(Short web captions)
################

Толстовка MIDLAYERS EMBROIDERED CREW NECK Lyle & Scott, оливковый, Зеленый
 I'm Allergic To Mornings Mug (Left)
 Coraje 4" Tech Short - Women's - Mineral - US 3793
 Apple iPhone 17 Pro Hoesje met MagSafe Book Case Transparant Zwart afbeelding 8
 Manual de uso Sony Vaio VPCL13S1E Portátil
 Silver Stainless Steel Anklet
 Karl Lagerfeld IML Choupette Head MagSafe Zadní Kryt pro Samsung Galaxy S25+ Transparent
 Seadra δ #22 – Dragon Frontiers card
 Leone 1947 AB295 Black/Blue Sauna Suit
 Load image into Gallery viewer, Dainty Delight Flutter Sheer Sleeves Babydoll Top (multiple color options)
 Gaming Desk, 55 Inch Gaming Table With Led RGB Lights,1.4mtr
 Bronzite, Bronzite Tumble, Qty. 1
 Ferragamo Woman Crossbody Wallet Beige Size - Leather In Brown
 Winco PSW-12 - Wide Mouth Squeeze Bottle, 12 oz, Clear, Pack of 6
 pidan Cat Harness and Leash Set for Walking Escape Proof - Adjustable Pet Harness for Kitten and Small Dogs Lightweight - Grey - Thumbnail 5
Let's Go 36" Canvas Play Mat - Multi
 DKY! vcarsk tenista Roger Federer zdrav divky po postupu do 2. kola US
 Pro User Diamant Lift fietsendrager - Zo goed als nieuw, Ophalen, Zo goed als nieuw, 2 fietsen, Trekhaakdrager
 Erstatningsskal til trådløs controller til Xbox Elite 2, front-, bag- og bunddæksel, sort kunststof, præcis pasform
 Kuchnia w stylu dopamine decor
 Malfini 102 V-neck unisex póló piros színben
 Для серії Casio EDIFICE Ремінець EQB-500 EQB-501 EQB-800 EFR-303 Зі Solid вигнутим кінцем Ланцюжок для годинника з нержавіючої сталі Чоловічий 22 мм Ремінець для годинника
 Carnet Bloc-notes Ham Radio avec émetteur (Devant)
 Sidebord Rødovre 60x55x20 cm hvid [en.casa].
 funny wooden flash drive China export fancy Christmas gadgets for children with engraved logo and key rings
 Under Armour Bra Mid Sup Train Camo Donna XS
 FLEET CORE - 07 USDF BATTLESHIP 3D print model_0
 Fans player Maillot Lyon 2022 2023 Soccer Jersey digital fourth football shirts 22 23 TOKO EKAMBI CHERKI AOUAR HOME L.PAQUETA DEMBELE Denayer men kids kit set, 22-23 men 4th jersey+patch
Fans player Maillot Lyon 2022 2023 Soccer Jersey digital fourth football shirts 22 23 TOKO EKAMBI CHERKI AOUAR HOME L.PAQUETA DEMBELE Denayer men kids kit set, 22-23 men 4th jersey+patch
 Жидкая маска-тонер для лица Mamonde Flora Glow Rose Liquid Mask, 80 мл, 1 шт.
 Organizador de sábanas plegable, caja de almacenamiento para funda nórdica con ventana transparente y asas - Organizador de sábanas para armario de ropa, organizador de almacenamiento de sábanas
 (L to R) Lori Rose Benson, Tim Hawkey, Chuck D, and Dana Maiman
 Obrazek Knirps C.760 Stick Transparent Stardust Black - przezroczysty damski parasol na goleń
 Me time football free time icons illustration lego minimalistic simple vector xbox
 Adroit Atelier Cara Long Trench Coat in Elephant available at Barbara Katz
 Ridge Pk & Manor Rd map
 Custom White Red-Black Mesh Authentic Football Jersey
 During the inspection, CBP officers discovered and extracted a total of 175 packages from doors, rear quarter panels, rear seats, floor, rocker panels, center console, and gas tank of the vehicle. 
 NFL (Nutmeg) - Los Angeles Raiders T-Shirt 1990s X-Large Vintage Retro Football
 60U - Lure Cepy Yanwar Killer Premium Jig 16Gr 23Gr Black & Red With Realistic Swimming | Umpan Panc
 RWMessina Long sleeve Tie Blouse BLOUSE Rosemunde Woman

################

Exercise:
The lines above that hold "Long" are the result; show every one of them.

Output for this exercise:
 Adroit Atelier Cara Long Trench Coat in Elephant available at Barbara Katz
 RWMessina Long sleeve Tie Blouse BLOUSE Rosemunde Woman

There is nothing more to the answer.